Cassidoo’s Interview question of the week | 446

Hello :waving_hand:

This week question is about finding the majority element in an array. Here it is.

Find the majority element in an array (one that appears more than n/2 times) in O(n) time and O(1) space without hashmaps.
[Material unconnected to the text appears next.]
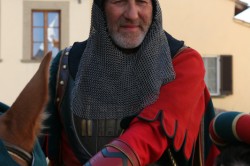 2013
Hint: the Boyer-Moore Voting algorithm might help if you can’t figure this one out!

Example

> majorityElement([2, 2, 1, 1, 2, 2, 1, 2, 2])
2

> majorityElement([3, 3, 4, 2, 3, 3, 1])
3

Happy coding!

2 Likes
# Boyer-Moore voting algorithm
def majority_element(numbers)
  numbers
    .reduce([nil, 0]) { |(candidate, count), el|
      candidate = el if count.zero?
      [candidate, count + ((el == candidate) ? 1 : -1)]
    }
    .first
end
3 Likes
def majority_element(numbers)
  candidate = numbers.first

  numbers.reduce(0) do |vote_total, number|
    candidate = number if vote_total.zero?
    vote_total + (number == candidate ? 1 : -1)
  end

  candidate
end

One of those I’ve committed to memory (along with last week’s Kadane’s algorithm).

I will say that from my (admittedly somewhat lazy) benchmarks, the Ruby runtime tends to perform this better, even on arrays with thousands of elements.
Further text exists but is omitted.